→ **Dataset excerpt**

------------------------------------------------------------

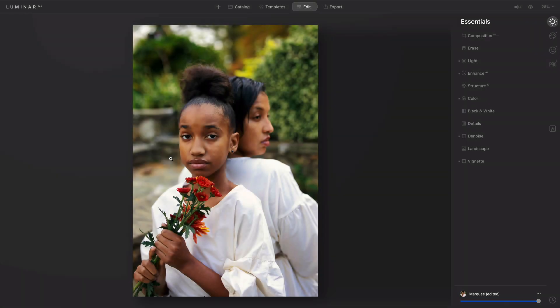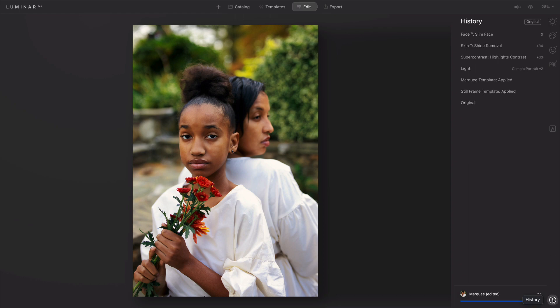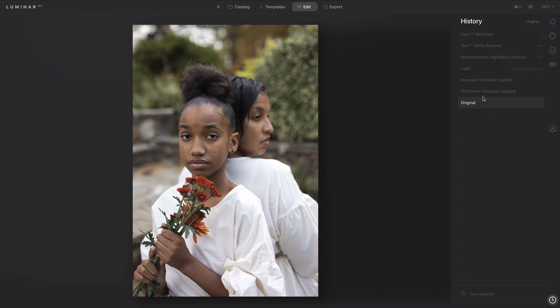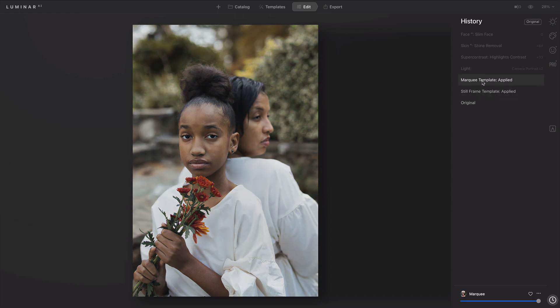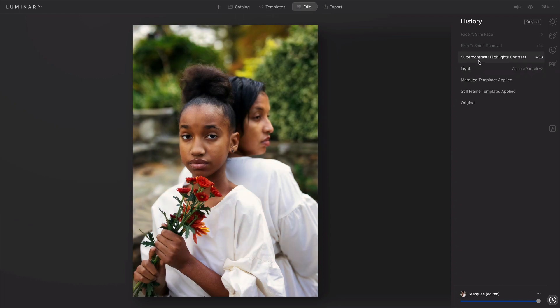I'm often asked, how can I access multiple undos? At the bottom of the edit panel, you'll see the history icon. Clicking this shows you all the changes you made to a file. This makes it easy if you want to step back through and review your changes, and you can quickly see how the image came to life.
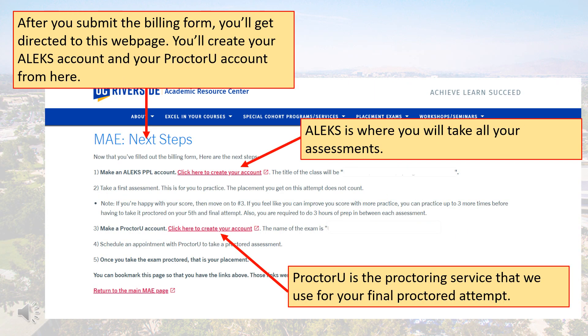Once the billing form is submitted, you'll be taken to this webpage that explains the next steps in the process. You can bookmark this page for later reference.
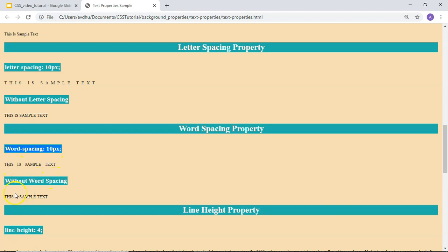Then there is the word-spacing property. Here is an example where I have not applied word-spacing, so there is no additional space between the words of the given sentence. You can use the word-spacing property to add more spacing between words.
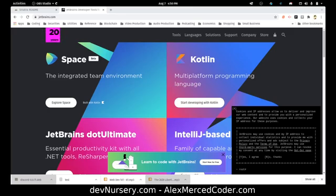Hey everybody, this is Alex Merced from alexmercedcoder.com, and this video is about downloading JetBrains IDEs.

------------------------------------------------------------

→ **Try it**
Every line from the line containing "Then there is" through the last line above is to be printed exactly. Pictures are not copied.

→ **Output**
Then there is the word-spacing property. Here is an example where I have not applied word-spacing, so there is no additional space between the words of the given sentence. You can use the word-spacing property to add more spacing between words.
Hey everybody, this is Alex Merced from alexmercedcoder.com, and this video is about downloading JetBrains IDEs.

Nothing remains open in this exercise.